→ WHAT THIS TASK INVOLVES
Begin at the line containing "JACKSONVILLE JAGUARS Superstar" in the data below and go on through the line containing "Pair of green block printed napkins", repeating each line exactly; include both ends and no other line.

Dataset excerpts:
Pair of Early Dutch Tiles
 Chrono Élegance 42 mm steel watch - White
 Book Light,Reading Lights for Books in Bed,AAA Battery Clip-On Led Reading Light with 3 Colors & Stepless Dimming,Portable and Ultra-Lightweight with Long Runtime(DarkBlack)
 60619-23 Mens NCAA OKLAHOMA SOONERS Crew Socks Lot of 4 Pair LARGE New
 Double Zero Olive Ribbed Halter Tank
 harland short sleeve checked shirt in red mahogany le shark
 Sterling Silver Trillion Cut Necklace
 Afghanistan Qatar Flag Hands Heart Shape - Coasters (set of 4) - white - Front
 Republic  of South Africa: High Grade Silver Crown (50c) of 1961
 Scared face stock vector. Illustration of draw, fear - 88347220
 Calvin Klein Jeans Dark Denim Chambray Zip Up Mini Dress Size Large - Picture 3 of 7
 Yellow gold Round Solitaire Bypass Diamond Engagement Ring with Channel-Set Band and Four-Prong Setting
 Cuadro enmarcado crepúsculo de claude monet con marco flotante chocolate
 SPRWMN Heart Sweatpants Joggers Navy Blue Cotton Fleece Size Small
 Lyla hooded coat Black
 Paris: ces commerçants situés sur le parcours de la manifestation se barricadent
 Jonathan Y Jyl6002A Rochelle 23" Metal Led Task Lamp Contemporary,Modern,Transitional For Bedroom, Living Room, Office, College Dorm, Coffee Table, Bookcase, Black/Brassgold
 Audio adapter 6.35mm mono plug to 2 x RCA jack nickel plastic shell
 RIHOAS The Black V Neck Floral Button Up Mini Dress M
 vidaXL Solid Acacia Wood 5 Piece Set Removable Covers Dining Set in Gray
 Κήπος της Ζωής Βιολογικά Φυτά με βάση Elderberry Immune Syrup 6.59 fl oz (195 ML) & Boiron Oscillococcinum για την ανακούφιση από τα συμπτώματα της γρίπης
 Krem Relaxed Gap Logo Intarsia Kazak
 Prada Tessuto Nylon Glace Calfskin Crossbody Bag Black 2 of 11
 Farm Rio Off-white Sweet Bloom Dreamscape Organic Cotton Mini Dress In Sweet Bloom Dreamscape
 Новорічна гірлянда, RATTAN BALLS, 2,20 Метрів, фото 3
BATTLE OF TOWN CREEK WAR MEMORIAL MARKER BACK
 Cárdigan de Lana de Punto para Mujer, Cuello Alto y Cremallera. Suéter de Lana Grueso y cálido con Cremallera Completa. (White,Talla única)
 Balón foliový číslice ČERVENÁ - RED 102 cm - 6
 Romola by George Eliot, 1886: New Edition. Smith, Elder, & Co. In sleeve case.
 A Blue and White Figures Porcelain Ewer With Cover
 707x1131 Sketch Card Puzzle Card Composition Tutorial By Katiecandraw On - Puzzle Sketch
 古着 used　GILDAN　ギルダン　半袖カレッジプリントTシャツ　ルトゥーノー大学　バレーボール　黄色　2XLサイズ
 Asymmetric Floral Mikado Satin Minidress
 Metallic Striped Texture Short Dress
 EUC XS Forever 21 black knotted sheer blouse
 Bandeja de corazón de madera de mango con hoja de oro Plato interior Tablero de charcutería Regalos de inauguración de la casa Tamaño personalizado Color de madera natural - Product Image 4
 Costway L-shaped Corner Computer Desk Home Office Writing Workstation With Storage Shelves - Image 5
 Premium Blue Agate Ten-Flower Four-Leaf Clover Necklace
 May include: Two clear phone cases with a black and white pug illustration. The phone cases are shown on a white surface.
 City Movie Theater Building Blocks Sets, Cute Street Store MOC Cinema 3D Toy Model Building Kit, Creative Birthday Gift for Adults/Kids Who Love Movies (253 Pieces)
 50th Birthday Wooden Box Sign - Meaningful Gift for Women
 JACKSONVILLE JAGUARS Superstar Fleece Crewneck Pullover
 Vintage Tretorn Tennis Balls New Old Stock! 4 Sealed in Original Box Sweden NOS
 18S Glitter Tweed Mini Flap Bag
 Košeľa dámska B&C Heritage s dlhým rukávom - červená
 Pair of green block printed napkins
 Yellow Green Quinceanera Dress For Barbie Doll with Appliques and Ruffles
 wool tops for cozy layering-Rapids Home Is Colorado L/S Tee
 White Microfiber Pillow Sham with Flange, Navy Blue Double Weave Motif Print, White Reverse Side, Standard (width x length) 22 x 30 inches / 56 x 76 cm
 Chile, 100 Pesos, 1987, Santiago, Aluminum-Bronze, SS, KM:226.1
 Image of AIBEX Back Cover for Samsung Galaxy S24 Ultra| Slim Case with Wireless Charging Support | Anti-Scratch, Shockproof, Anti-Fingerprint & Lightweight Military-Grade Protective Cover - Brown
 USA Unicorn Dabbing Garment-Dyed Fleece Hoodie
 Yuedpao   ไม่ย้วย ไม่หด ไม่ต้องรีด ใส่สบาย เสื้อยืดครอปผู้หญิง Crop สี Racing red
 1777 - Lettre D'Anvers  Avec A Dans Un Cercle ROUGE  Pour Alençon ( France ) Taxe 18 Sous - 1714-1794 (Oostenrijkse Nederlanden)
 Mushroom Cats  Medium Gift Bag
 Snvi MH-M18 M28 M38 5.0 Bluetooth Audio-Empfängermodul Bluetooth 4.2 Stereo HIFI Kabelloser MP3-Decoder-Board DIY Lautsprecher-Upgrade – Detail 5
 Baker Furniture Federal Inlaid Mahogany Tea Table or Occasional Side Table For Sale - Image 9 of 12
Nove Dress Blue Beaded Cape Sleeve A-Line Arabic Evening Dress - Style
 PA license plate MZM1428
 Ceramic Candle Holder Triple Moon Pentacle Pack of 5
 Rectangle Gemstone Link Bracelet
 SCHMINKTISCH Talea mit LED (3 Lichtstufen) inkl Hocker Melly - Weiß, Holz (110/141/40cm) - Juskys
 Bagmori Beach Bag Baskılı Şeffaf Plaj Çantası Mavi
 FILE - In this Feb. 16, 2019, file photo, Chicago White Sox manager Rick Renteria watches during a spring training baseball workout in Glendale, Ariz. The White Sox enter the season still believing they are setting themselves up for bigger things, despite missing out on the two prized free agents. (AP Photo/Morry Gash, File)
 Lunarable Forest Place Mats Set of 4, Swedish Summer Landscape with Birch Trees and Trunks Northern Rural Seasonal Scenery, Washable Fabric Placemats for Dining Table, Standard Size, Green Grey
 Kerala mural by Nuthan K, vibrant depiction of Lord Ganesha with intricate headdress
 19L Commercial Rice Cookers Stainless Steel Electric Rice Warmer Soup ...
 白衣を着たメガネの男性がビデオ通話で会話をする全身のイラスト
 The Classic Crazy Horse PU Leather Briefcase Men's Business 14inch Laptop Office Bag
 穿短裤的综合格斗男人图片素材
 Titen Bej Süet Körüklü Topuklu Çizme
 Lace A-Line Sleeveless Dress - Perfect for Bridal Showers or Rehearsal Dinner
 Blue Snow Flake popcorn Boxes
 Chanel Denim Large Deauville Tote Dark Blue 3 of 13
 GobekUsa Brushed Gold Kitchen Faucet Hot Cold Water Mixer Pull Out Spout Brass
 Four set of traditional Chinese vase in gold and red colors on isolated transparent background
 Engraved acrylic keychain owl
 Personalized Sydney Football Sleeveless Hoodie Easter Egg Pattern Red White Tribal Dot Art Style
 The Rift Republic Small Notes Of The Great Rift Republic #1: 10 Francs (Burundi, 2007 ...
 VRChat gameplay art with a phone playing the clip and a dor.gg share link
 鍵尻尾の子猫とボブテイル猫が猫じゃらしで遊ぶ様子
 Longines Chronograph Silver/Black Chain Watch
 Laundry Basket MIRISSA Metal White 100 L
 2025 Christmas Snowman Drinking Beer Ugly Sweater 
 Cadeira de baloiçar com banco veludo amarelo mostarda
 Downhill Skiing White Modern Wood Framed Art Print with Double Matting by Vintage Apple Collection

→ RESULT OF THE EXERCISE
 JACKSONVILLE JAGUARS Superstar Fleece Crewneck Pullover
 Vintage Tretorn Tennis Balls New Old Stock! 4 Sealed in Original Box Sweden NOS
 18S Glitter Tweed Mini Flap Bag
 Košeľa dámska B&C Heritage s dlhým rukávom - červená
 Pair of green block printed napkins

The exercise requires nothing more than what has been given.